» **DATA SECTION**:
= Beginning of Section =

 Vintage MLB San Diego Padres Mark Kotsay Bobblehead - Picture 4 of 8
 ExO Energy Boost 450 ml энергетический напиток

= End of Section =
= Beginning of Section =

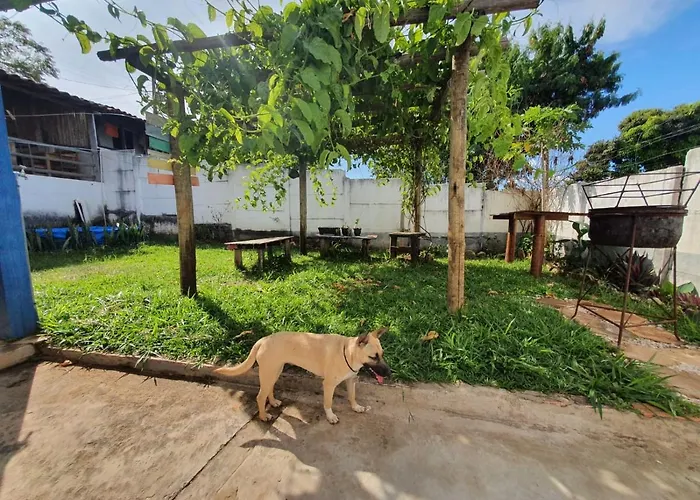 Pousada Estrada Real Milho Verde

= End of Section =
= Beginning of Section =

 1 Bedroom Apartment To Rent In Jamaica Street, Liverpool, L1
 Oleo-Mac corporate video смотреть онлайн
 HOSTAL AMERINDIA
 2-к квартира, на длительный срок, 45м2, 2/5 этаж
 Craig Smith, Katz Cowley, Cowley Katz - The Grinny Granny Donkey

= End of Section =

» **PROBLEM REQUIREMENTS**:
Keeping every character as it is, restate the lines above that run from the line with "Vintage MLB San" through the line with "ExO Energy Boost", both included, and nothing else.

» **YOUR RESPONSE**:
 Vintage MLB San Diego Padres Mark Kotsay Bobblehead - Picture 4 of 8
 ExO Energy Boost 450 ml энергетический напиток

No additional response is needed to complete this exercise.